Task goal — Transcribe exactly the lines from the one holding "2019 Jeep Cherokee" through the closing line of the entries below. Pictures stay out of the copy.

Information supplied —
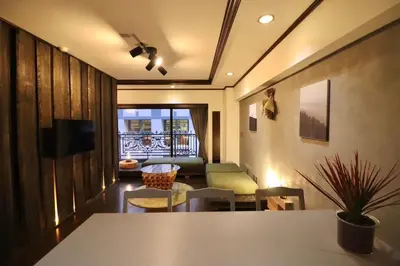 a living room with a table and a couch at \u30b5\u30f3\u30e2\u30fc\u30eb\u30af\u30ec\u30b9\u30c8403 in Tokyo
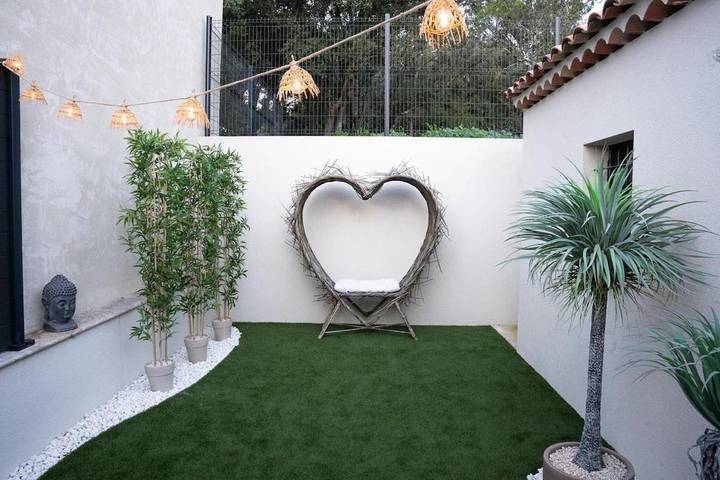 Location de vacances pour 2 personnes, avec terrasse ainsi que jardin et jacuzzi à Ginasservis - 4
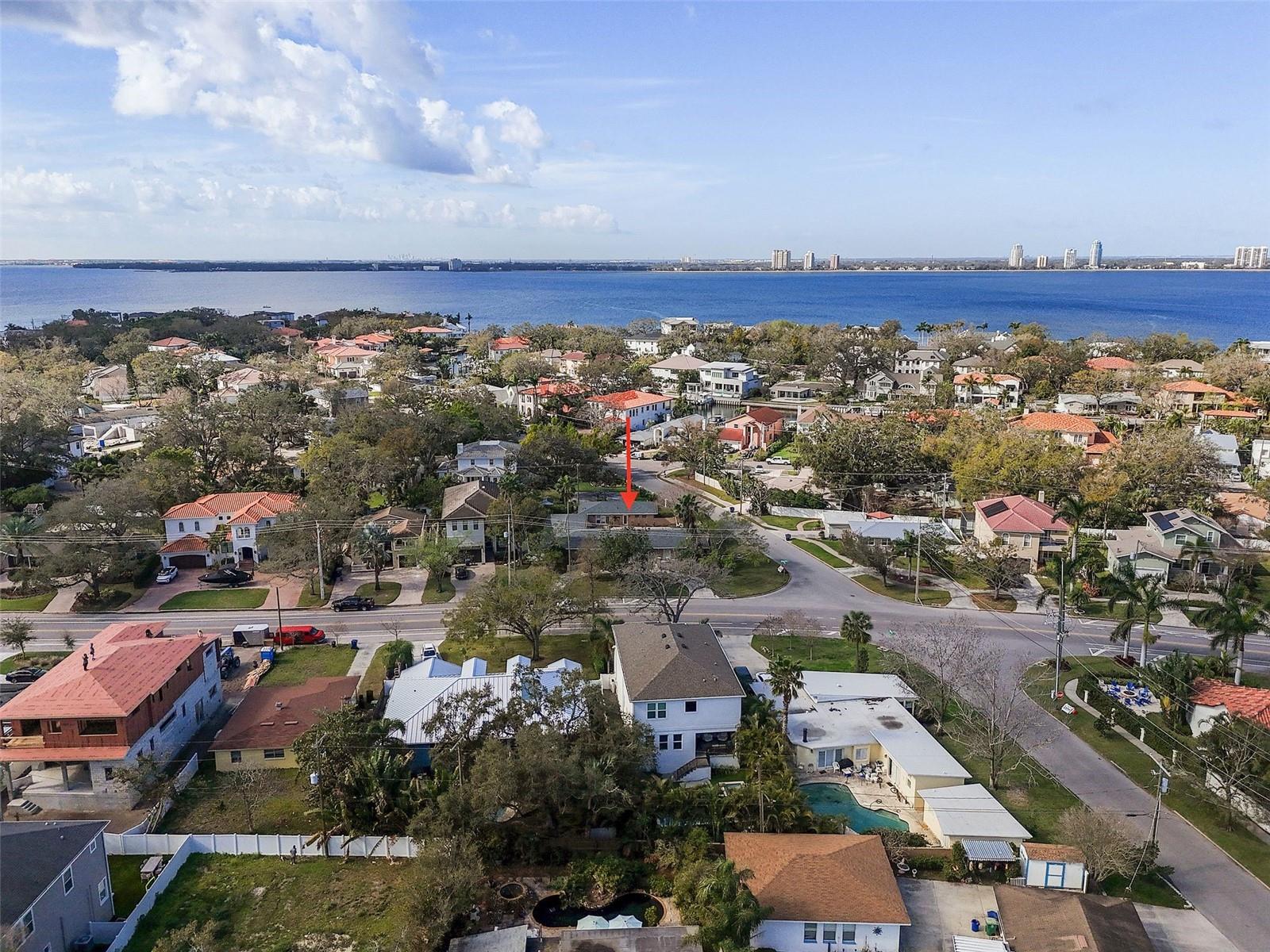 516 W DAVIS BOULEVARD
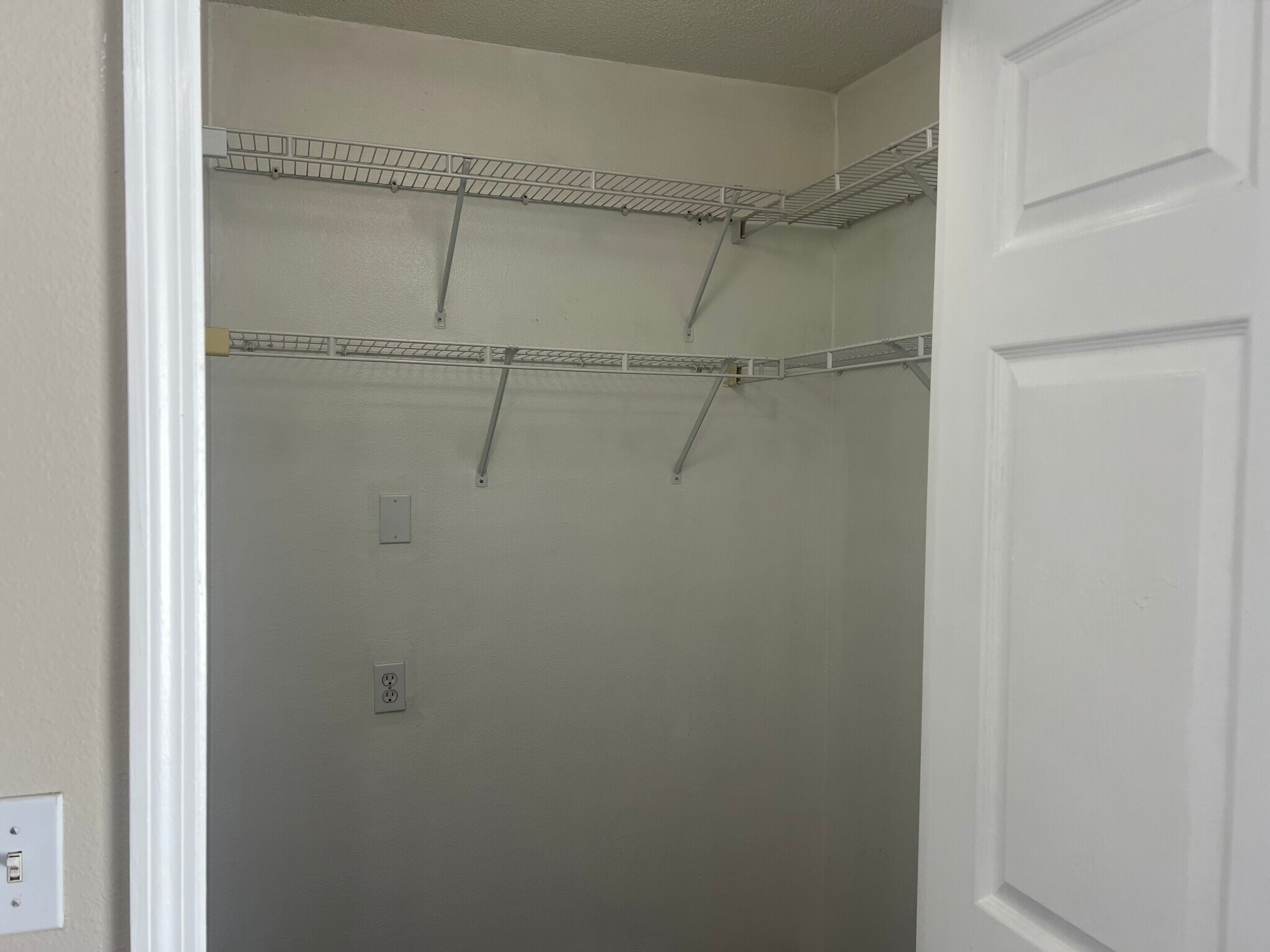 Building Photo - 2035 Fluorshire Dr
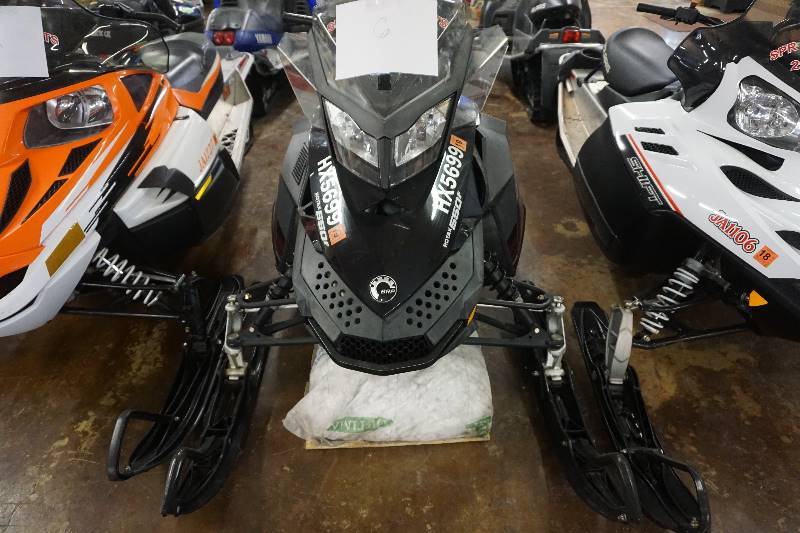 lot 6 image: 2010 Ski Doo GSX 550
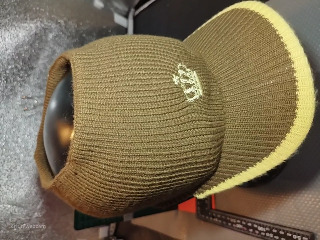 皇冠刺繡空頂帽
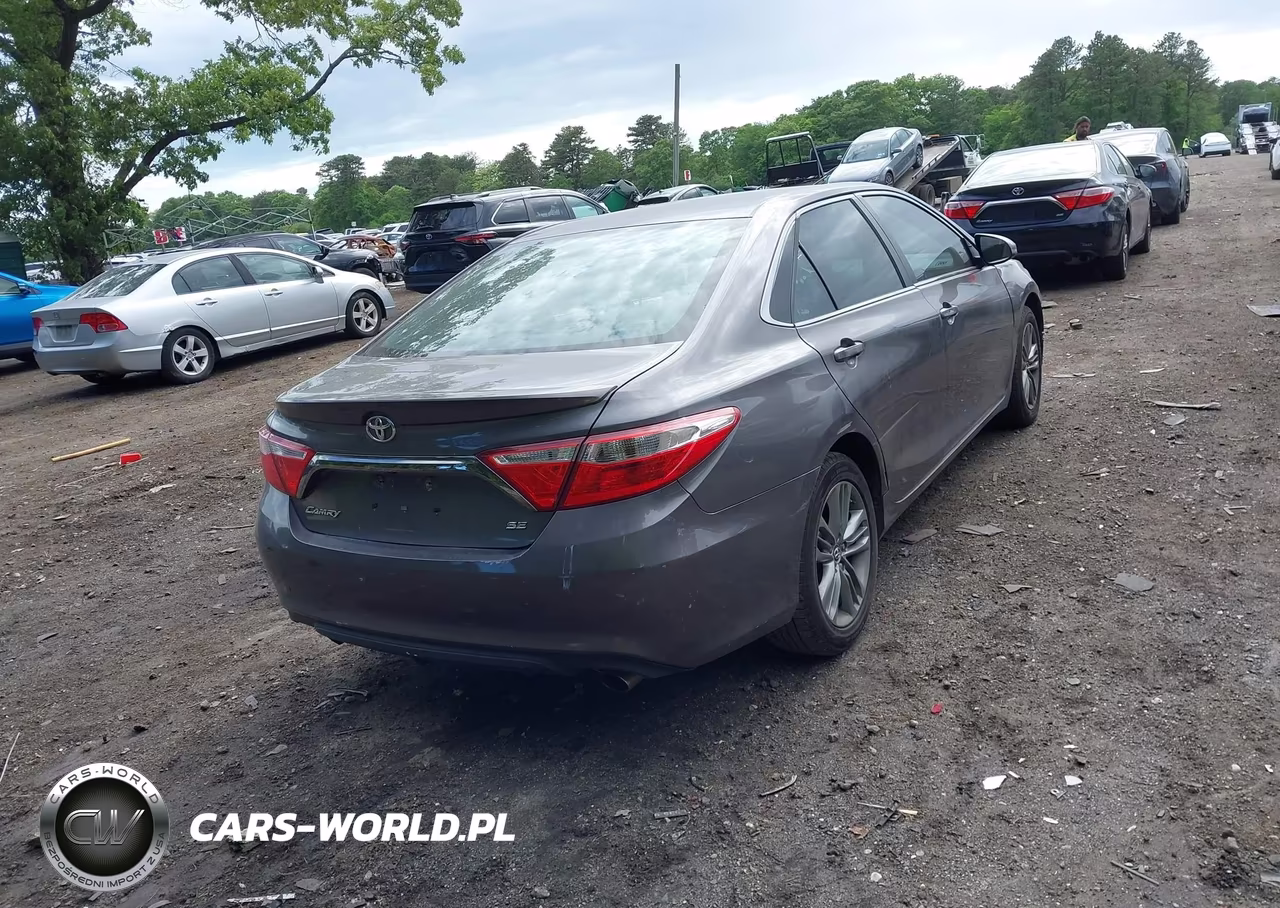 2015 Toyota Camry Se VIN:4T1BF1FK1FU103298 - 4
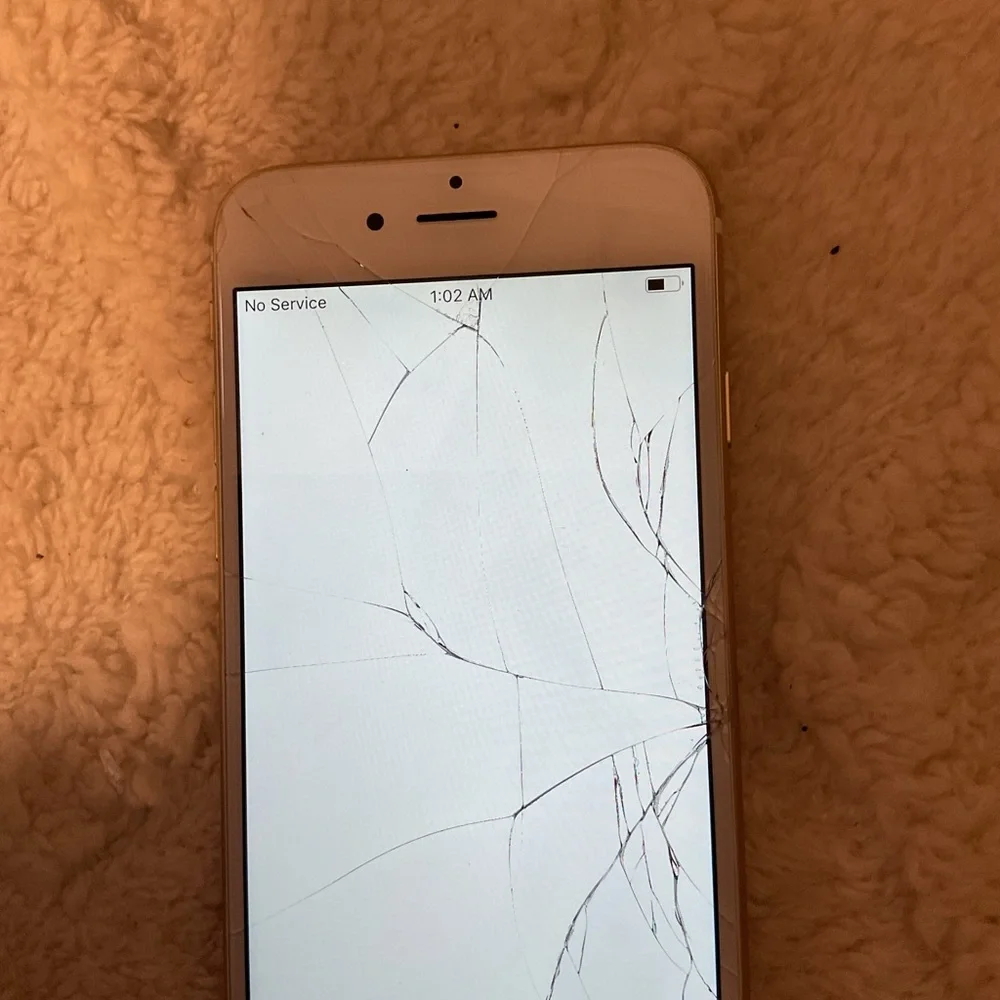 iPhone 6 Smartphone with White front/ Rose gold back 64GB cracked screen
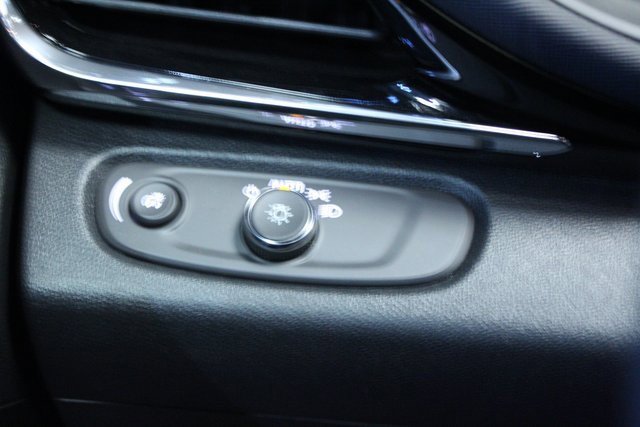 Used 2025 Buick Envista Sport Touring image 13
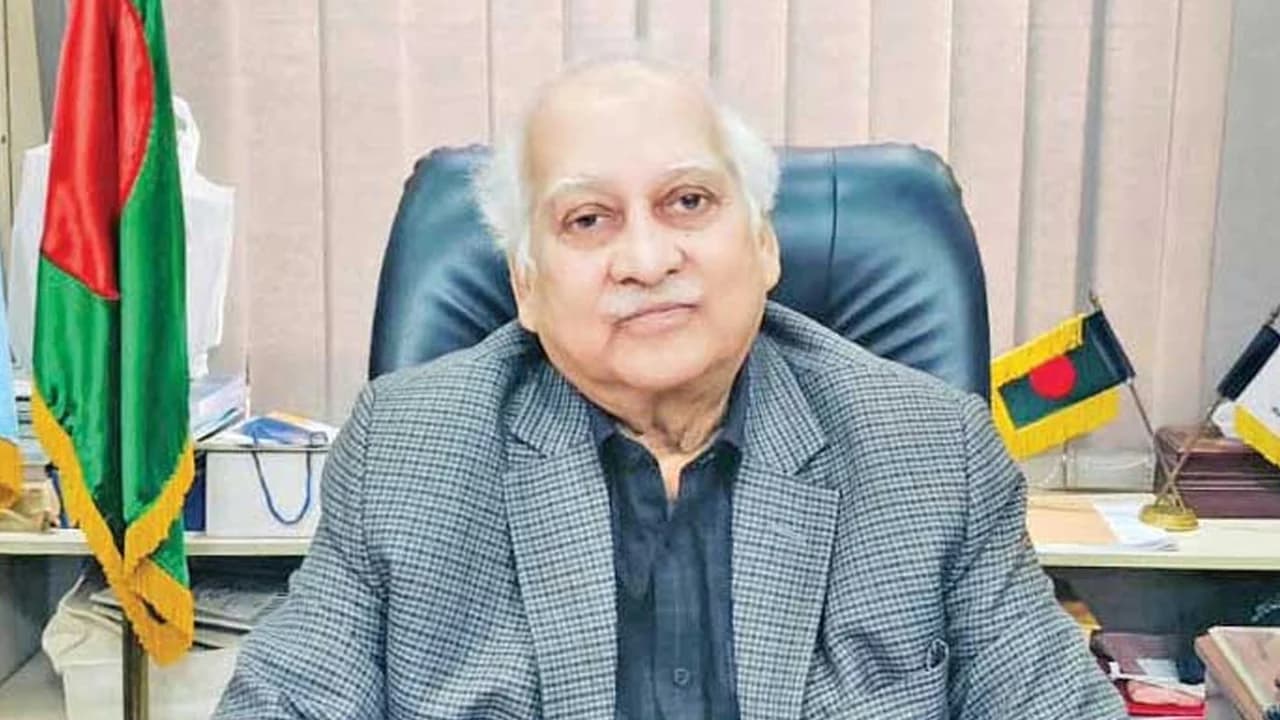 পদত্যাগ করলেন ইউজিসি চেয়ারম্যান- খবরের থাম্বনেইল ফটো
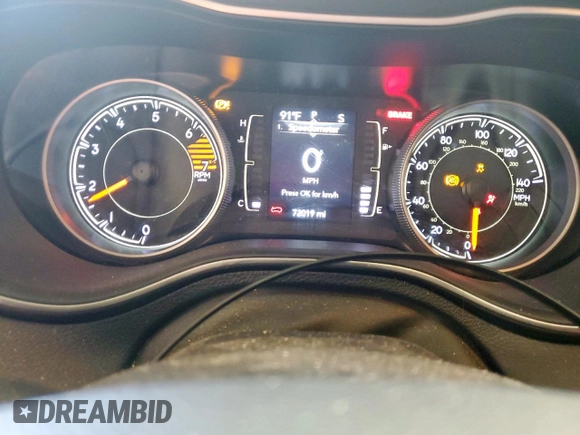 2019 Jeep Cherokee Latitude Plus z VIN 1C4PJLLB0KD160112, wystawiony jako Copart lot #61689185 z przebiegiem 72 019 mil mil oraz Szkoda całkowita • Salvage title. Historia ofert i sprzedaży dostępna na DreamBid. Obrazek 9.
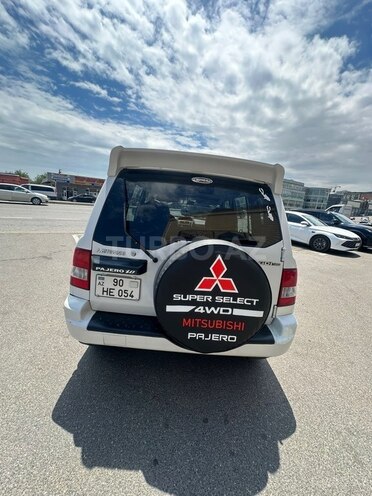 Mitsubishi Pajero io-6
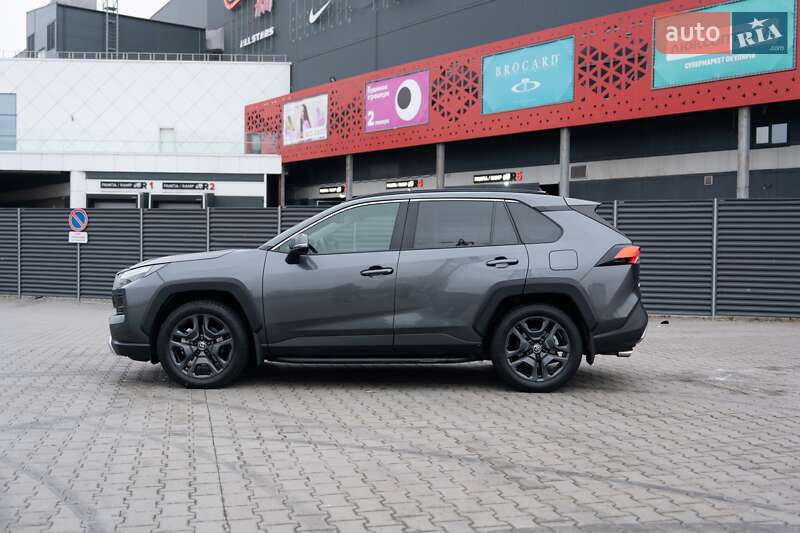 Позашляховик / Кросовер Toyota RAV4 2023 в Києві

Task response —
 2019 Jeep Cherokee Latitude Plus z VIN 1C4PJLLB0KD160112, wystawiony jako Copart lot #61689185 z przebiegiem 72 019 mil mil oraz Szkoda całkowita • Salvage title. Historia ofert i sprzedaży dostępna na DreamBid. Obrazek 9.
 Mitsubishi Pajero io-6
 Позашляховик / Кросовер Toyota RAV4 2023 в Києві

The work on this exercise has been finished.